Picture this: You are diversified across 2,500 of the biggest and best companies in the U.S. and the world. They are the best run, employing the top talent globally. They are the best-financed, owning cash, real estate, and intellectual property, amounting to stellar balance sheets. They make the best products and offer the best services that we all enjoy and use. And you are part owner in 2,500 of them.
And they all go to zero.
There is only one thing that could make this happen.
Total global collapse.
If that happens and the equity of all those companies turns to nothing, how are your corporate bonds going to fair? That guaranteed interest rate is guaranteed to be nothing.
What about CDs? When all the banks have failed, are your “safe” CDs going to be worth anything? Certificates of Depression.
How about cash? Cash is safe. In total global collapse, where are you going to spend it?
Surely gold will end up being the currency. We will revert to the “true” gold standard. Are you going to be wanting to lug around heavy gold when the world is falling apart?
In the event of total global collapse, there are only two things you should be invested in: Bullets and Baked Beans. Ammunition for the global guerrilla warfare and canned food when the economy is no longer producing it fresh.

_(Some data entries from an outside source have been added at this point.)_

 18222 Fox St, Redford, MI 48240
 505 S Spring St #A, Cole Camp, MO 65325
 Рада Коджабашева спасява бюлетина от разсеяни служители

If you are anxious about global economic collapse, join the doomsday preppers movement and get yourself a bunker and some rations. But that’s a separate issue from retirement investing. It has never happened, it may never happen, and it is surely not something we can create investment policy around.
So yes, I’ll say it. If you are properly diversified, there is no Risk of Zero. If I end up being wrong and all the best companies in the world go to zero, then you can sue me. Good luck with that.

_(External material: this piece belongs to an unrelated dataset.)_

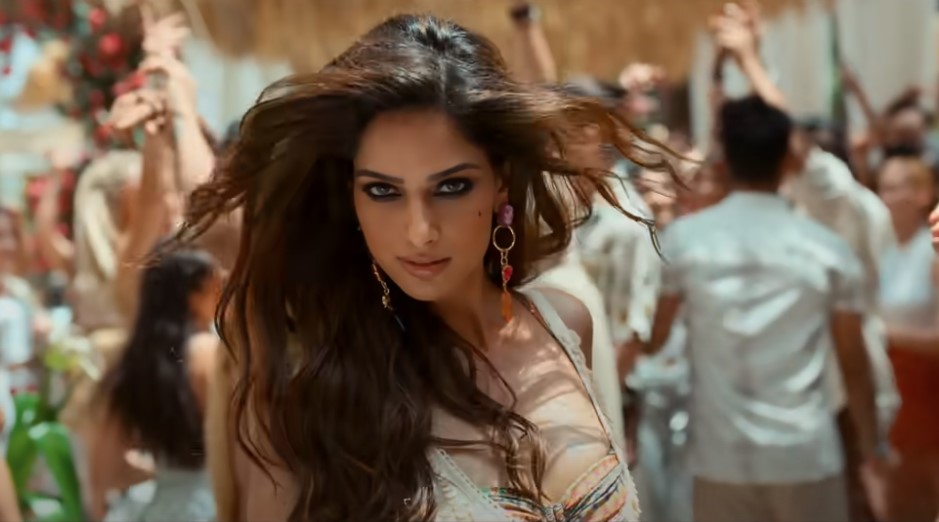 'बागी 4' का नया गाना 'ये मेरा हुस्न' हुआ रिलीज, हरनाज कौर संधू का दिखा ग्लैमरस अंदाज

The solution to the Risk of Zero is to get a proper investment plan with a properly diversified portfolio and stick to it. The Risk of Zero is not a real risk to a good equity investment plan.
Risk of Change
The chance of drastic changes in the value of your investment.
The “risk” people are often talking about regarding equity investing is the Risk of Change: the chance that your equity investments’ value will drastically change. This happens all the time. The values of equities constantly fluctuate. Of course, when people refer to it as “risky,” they aren’t talking about when the change is positive. They only mean it when the change is negative.
It’s called “volatility.” The values of equities and equity funds are volatile, some more than others. The more volatile an equity investment is, the more “risky” it is said to be. Which, when applied to a fund of high-quality equities, is a misnomer. Let’s not confuse “risk” with volatility.
Sure, some equity funds are risky both in the sense that they are volatile in the sense that they could go to zero or face the third risk. But in that case, we are talking about small funds of companies investing in startups or small countries around the world. But those funds are rare, and most people aren’t in them.
Let me say the following statement very clearly.
Volatility is not your enemy.
There is nothing wrong with volatility. It’s “scary” only because we’ve been taught to think it so. It does not matter what happens to the value of your investment while you hold it. Only three things matter:
- The value on the day you bought it.
- The value on the day you sell it.
- The difference between those two values relative to the time between those two days.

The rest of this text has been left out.